(Activity)
Once you have located the line containing "black, white and gold place setting" in the material below, return it exactly along with each line after it through the line containing "1972 Iran 8mm".

Segment Start: Stored data

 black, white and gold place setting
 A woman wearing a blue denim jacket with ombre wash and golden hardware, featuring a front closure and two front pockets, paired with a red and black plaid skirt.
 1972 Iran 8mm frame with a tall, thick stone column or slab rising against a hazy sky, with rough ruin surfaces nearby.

Segment End: Stored data
Segment Start: Stored data

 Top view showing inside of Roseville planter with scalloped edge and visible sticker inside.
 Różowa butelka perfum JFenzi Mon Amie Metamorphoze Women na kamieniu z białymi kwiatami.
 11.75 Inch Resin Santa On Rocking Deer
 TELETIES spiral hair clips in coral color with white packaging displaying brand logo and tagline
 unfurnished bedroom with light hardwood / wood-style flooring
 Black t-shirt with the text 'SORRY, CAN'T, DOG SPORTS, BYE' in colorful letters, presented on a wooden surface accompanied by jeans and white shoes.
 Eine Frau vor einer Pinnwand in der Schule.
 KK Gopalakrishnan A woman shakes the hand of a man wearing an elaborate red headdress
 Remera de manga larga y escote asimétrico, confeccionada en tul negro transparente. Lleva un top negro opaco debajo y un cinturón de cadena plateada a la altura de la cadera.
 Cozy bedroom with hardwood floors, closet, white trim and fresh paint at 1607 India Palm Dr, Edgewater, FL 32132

Segment End: Stored data

(Written response)
 black, white and gold place setting
 A woman wearing a blue denim jacket with ombre wash and golden hardware, featuring a front closure and two front pockets, paired with a red and black plaid skirt.
 1972 Iran 8mm frame with a tall, thick stone column or slab rising against a hazy sky, with rough ruin surfaces nearby.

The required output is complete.